Terminology. For example, an "object" in one language might have a slightly different semantics than an object in another.
And this might just be part of a larger issue -- when I learn a new language, I'm starting from the assumptions of every language I've dealt with in the past. Carrying those assumptions into the new language has tripped me up several times, the most notable example being the transition from Java to C# with respect to virtual methods (i.e., all are virtual in Java, only those you specify as such are virtual in C#).
It's always something to do with syntax.
I'll mix up whitespace if that matters for the language, add in curly brackets or semi-colons where they aren't needed, make variables global when I mean for them to be local or vice-versa, mix up lists, sets, arrays, prototypes, and tables, use the wrong if-then formatting, use the wrong operator to concatenate strings...
The same thing also tends to happen if I stop using a language for a while and then start using it again.
Now how do I write assert (1+2*3 == 7)
in this language? :)
An assert
statement is the most primitive form of debugging construct that is present in every language that I have ever tried. Once I know how to assert something, I can start recording the things that I am finding out about that language. I start off with 1+2*3 == 7
because it covers equality (is it a single = or double?) and arithmetic precedence (* is evaluated first).
Next tests would be:
assert("helloworld" == "hello"+"world") // can + concat strings?

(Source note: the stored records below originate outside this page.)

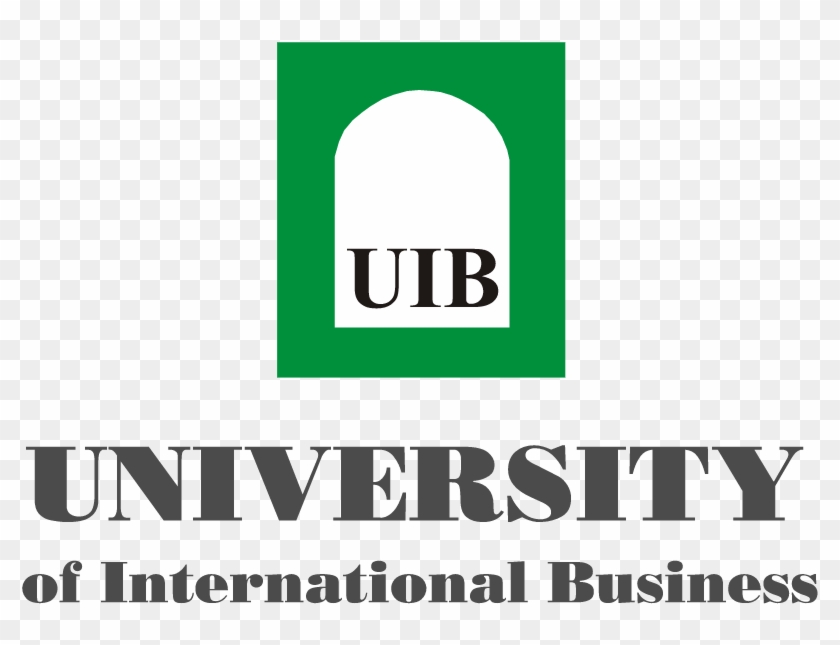 Uib University Of International Business Vector - University Of International Business Clipart #3812210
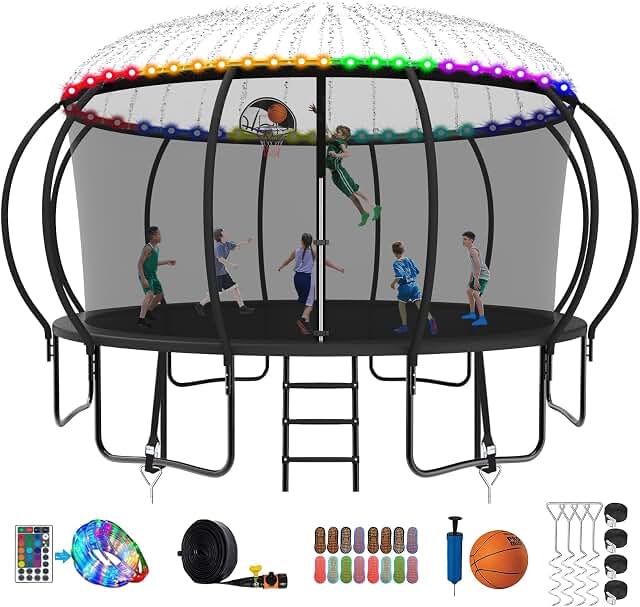 SKYUP 15 Ft Trampoline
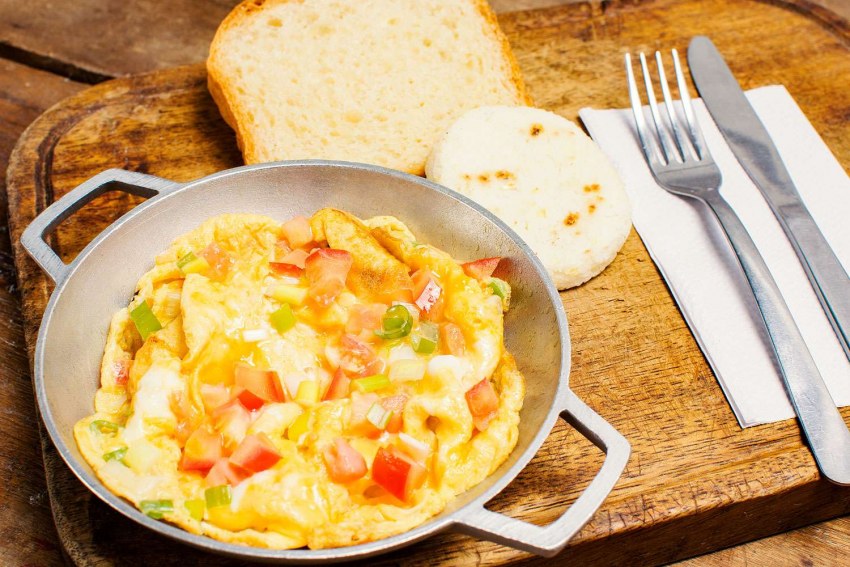 Блинчики с ветчиной и сыром мастерица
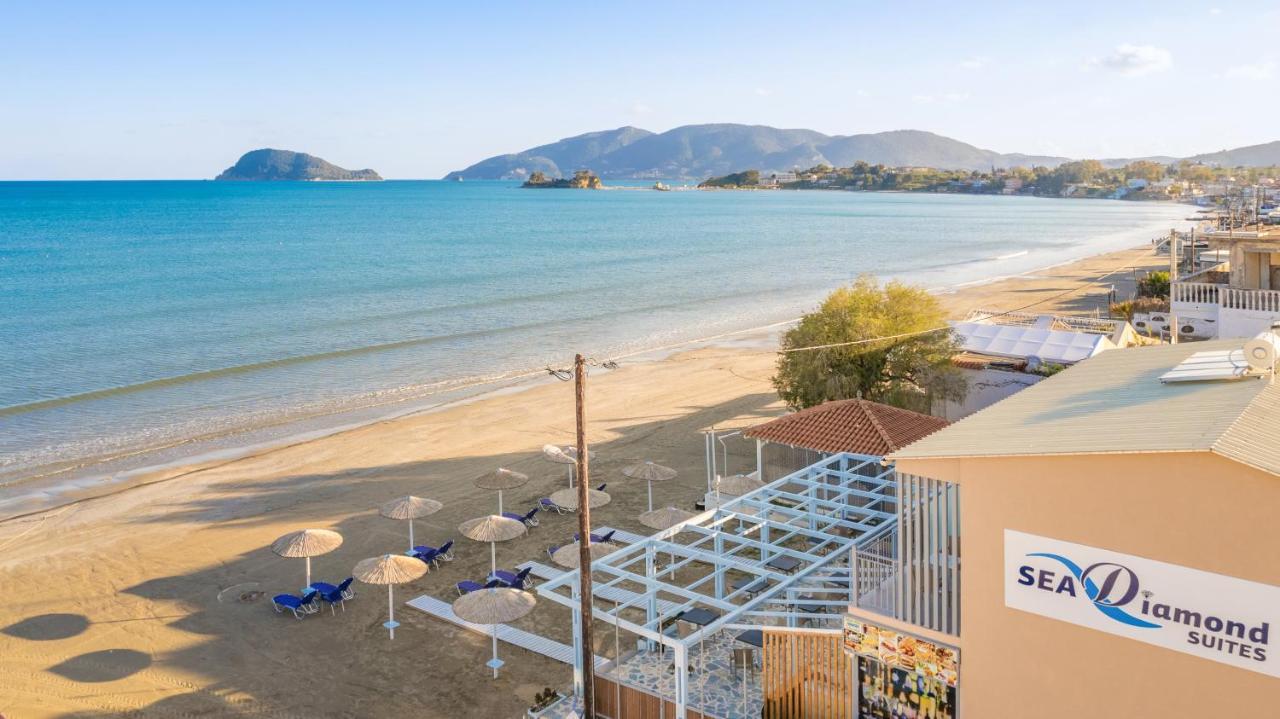 Sea Diamond Suites 拉加纳斯 外观 照片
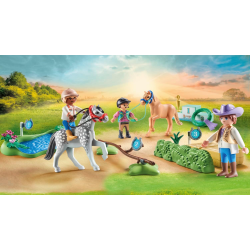 71495 PLAYMOBIL TURNIEJ KUCYKÓW HORSES OF WATERFALL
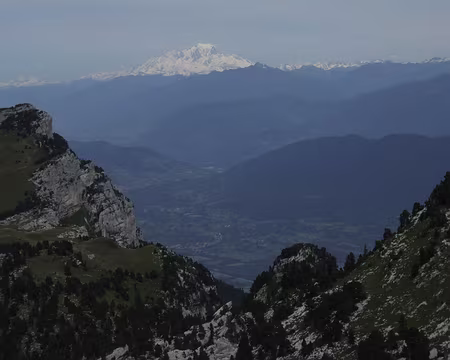 RV15 Mont-Blanc vu du col de Bellefont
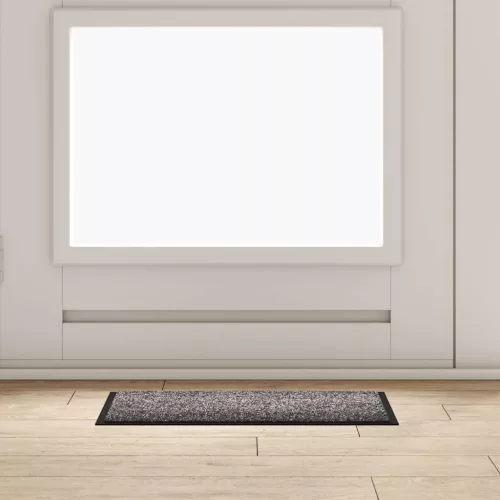  Ajtószőnyeg Világosszürke 40 x 60 cm Mackófleece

assert("1two" == 1 + "two") // convert numbers to string or just die
and so on...
If I'm working on GUIs, it's always "How do I get to the toolbox/controls/widgets?"
New funky characters... Think Perl or something like that which adds @, -> <-. <=>. $, #
Depends on the language. The place where I usually run into problems is in dealing with containers. Most languages have a set of container classes that do about the same thing, but are just different enough to throw you off. For example:
These questions (for a variety of reasons) are what trip me up. Not because the answers are hard to find, but because they're the wrong questions.
And for the record:
The first step (and often the most difficult) is setting up the environment. Depending on this language and your experience level this can be a real pain in the butt.

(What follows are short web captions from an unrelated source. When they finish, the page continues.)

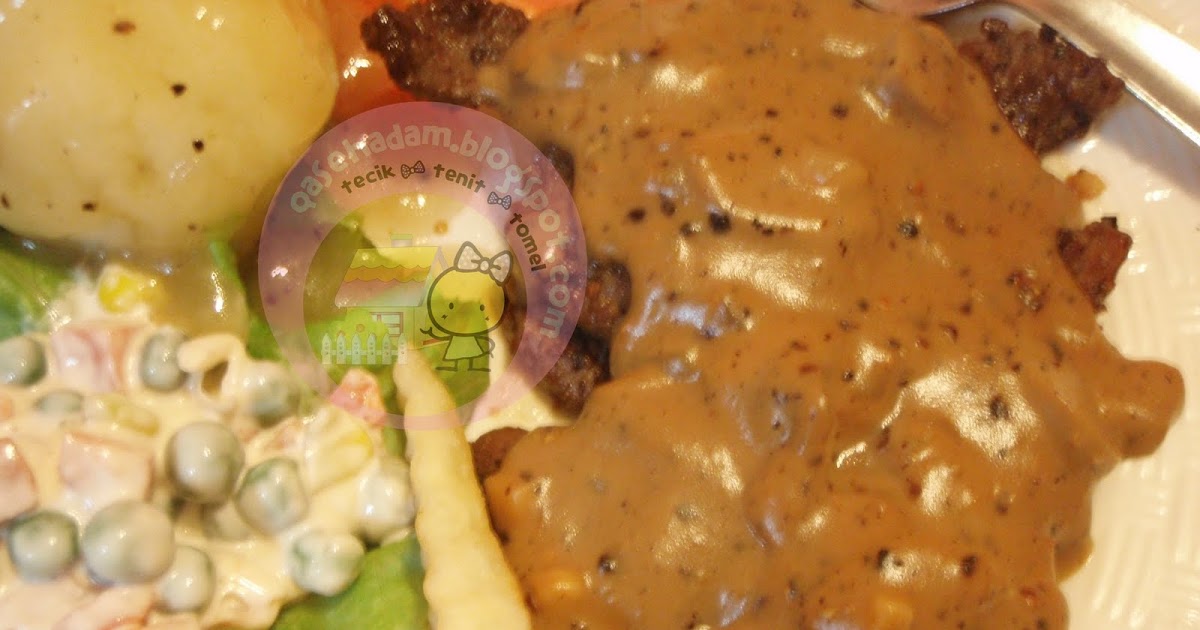 Resepi Ayam Masak Blackpepper Cendawan  Ani Jeden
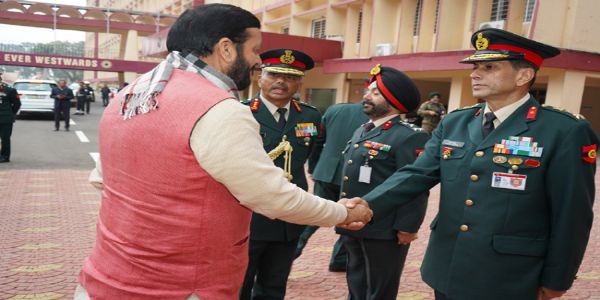 آپریشن سندور میں ویسٹرن کمانڈ کی کاوشیں اور انسانی امداد قابل ستائش ہے: وزیراعلیٰ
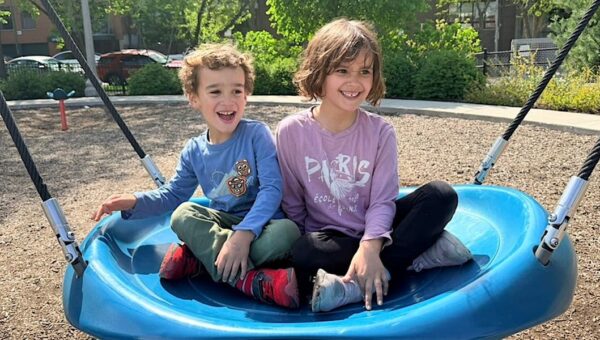We moved our kids from a small town to Chicago. They’re more independent, and we have more to do.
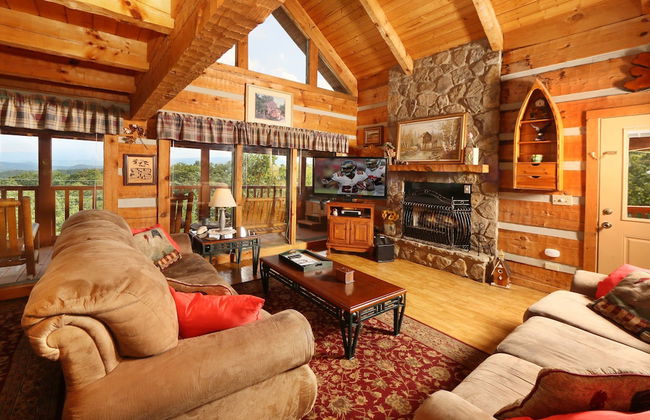 A Walk in the Clouds - Two Bedroom Cabin - Foto 5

'Wait, how do I install Apache?!' 'Crap, gcc doesn't have a pretty IDE with a button that looks like a green play button - how do I compile/link/execute my code?!?!'
My first step is finding a very tiny 'Hello World' program in that particular language and getting it to build/run on my machine.
If that turns out to be an ugly/painful experience, I go out of my way to find one of the most popular IDEs available for that language. I wouldn't write C# code in notepad and use the command-line compiler; I don't see why anyone would do that with another language. I have painful memories of making websites (mostly just HTML and Javascript) in notepad. Why? Because 'real programmers (ha!) use notepad'.
What a joke.
None of that has anything to do with learning the language exactly, but it's pretty hard to read a book in the dark.